Beim Kleinen Prinzen (St Exupery) heißt es ja "du bist verantwortlich für das, was du dir vertraut gemacht hast". Damit meint der Fuchs, dass der kleine Prinz ihn ja gezähmt hat. Daher soll er jetzt für immer für ihn verantwortlich sein.
Wie seht ihr das?
Ich habe mir jetzt über ein halbes Jahr lang einen Mann sehr vertraut gemacht, indem ich ihn so gut wie jeden Tag besucht habe, mit ihm geredet, auf ihn und seine Bedürfnisse eingegangen bin, teils mit ihm gegessen, gekocht, bei ihm übernachtet hab.
Nun hab ich ihn von heute auf morgen verlassen.
Das hatte damit zu tun, dass ich mich gleichzeitig auf eine Frau eingelassen hatte, die mir mindestens ebenso sehr am Herzen lag und für die ich alles tue, damit sie ihre Traumata hinter sich lassen und ein neues Leben beginnen kann. Sie lebt mit mir zusammen, ich widme ihr täglich etliche Stunden meiner Zeit und sie braucht einen Großteil meiner Ressourcen.
Der Freund, den ich verlassen habe, wohnt in einem großes Haus mit genügend Wohnraum. Er hätte mich bei sich wohnen lassen. Aber nur mich. Ich hätte dafür meine Freundin hier allein lassen müssen.
Sie hatte mich unter Tränen gebeten ihr all meine Aufmerksamkeit ungeteilt zu schenken, weil sie auf der emotionalen Ebene wie ein sehr kleines (etwa 2jähriges) Kind ist. Total offen, bedürftig und völlig schutzlos ohne mich. Wenn ich meine Zeit unter ihr und meinem Freund aufteile, kann sie sich nicht weiter entwickeln. Sie macht wieder total dicht und verliert das aufgebaute Vertrauen. Natürlich hatte sie nicht verlangt, dass ich mit meinem Freund Schluss mache, aber sie hat mir sehr klar vor Augen geführt, dass sie es nicht (mehr) erträgt, wenn ich abwechselnd bei ihm und bei ihr bin.
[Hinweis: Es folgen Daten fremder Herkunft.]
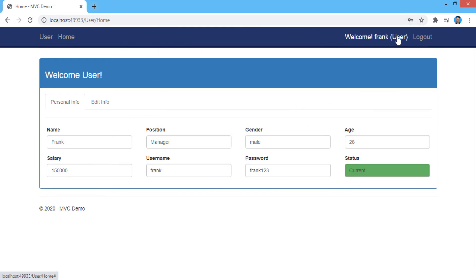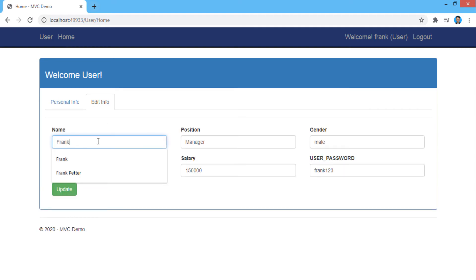This user has logged in by session and cannot add the employee information. But he can change their own information.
Obwohl mein Freund auch seine Traumata hat, habe ich mich klar für meine Freundin entschieden, da ich erlebt habe, dass sie die Hilfe, die ich ihr anbiete nicht nur wirklich annimmt, sondern auch bereit ist weit über ihre persönlichen Grenzen zu gehen, um für sich persönlich voran zu kommen.
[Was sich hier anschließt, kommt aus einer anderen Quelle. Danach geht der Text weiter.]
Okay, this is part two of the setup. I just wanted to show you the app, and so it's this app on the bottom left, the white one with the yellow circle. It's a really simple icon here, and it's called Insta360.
Im Gegensatz dazu hat mein Freund meine Entgegenkommen zwar gerne angenommen, aber in Wirklichkeit lag ihm gar nichts daran für sich persönlich weiter zu kommen. Ich habe nicht erlebt, dass er ein Bewusstsein dafür hat, dass er dringend Hilfe braucht. Er meint er hat sein Leben gut im Griff. In meinen Augen ist er aber auf dem besten Weg in eine Alkoholsucht.
Wenn ich ihn jetzt sehe, habe ich Mitleid, denn er sieht sehr traurig aus und kann sich offenbar nur noch mit Alkohol halbwegs über Wasser halten.
Bin ich für ihn verantwortlich?
Und wie machst du das mit Zukunft und Vergangenheit? Wie stehst du da zu verantwortung?